After granting certiorari, the Supreme Court affirmed. The majority first reasoned that the general removal statute allows for removal only by the “defendant or the defendants,” without any reference to “third-party defendants.” The majority noted this reasoning was “bolstered” by the Federal Rules of Civil Procedure, which differentiate between third-party defendants, counterclaim defendants and defendants. Second, in other removal provisions such as §1432(a), Congress extended removal to a “party,” rather than just a “defendant.” Third, the Court reasoned that not allowing a third-party defendant to remove was consistent with its decision in Shamrock Oil & Gas Corp. v. Sheets, 313 U.S. 100 (1941), where the Court refused to allow an original plaintiff to remove a case under the predecessor to the general removal statute. In Shamrock, the Court had reasoned that the original plaintiff was not a “defendant” entitled to removal even though a counterclaim had been filed against the plaintiff. Finally, the Court rejected Home Depot’s argument that CAFA allowed for removal by a third-party defendant, stating that CAFA permits removal only by a “defendant.”
Justice Alito dissented, joined by Chief Justice Roberts and Justices Gorsuch and Kavanaugh. The dissenters argued that the distinction between defendants and third-party defendants is an “irrational distinction” that defeats the intent that removal prevents a plaintiff from gaining a homecourt advantage against outsiders.

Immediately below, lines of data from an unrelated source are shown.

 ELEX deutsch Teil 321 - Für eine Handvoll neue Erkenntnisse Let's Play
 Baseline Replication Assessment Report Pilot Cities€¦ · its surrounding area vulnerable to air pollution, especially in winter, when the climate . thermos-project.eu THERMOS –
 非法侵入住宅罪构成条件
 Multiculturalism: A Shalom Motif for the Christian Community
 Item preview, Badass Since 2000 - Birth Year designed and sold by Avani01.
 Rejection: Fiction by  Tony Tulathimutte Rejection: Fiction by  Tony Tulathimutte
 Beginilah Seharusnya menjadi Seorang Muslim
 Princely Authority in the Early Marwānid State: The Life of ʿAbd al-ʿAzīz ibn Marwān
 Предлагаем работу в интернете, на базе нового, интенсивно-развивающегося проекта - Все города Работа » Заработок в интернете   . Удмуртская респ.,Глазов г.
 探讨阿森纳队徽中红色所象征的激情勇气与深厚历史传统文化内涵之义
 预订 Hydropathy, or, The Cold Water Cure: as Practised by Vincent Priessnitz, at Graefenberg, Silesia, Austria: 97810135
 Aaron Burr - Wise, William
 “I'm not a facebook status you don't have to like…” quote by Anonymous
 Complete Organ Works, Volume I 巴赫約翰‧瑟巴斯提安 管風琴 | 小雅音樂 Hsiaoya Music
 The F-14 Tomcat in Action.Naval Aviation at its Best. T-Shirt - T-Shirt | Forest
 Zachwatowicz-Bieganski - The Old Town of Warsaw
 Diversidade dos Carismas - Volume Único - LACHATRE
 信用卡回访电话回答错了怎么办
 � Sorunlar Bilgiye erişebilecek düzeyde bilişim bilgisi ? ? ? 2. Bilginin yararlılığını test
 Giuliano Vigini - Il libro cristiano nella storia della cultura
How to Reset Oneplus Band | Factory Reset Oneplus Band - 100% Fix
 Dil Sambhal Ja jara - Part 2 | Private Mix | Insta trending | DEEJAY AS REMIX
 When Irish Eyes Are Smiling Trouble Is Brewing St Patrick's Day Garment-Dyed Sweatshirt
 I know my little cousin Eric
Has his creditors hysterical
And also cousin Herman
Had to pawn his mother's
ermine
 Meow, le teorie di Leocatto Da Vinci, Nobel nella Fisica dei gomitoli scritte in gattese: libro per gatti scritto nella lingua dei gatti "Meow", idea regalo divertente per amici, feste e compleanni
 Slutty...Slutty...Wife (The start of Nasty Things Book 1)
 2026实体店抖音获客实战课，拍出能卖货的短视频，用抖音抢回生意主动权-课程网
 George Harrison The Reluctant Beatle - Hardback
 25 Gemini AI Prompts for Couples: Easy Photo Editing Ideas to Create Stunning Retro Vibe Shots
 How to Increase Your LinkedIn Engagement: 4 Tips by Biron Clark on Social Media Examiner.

Following Home Depot, it will be interesting to see whether the plaintiffs’ bar attempts to leverage this removal exception by recruiting potential class representatives who have already been sued in state court debt collection cases to assert third-party class action claims to defeat removal. It is yet unclear whether this is the type of “loophole” that can be broadly exploited in practice – only time will tell. Nonetheless, companies and their counsel should be aware of this potential tactic.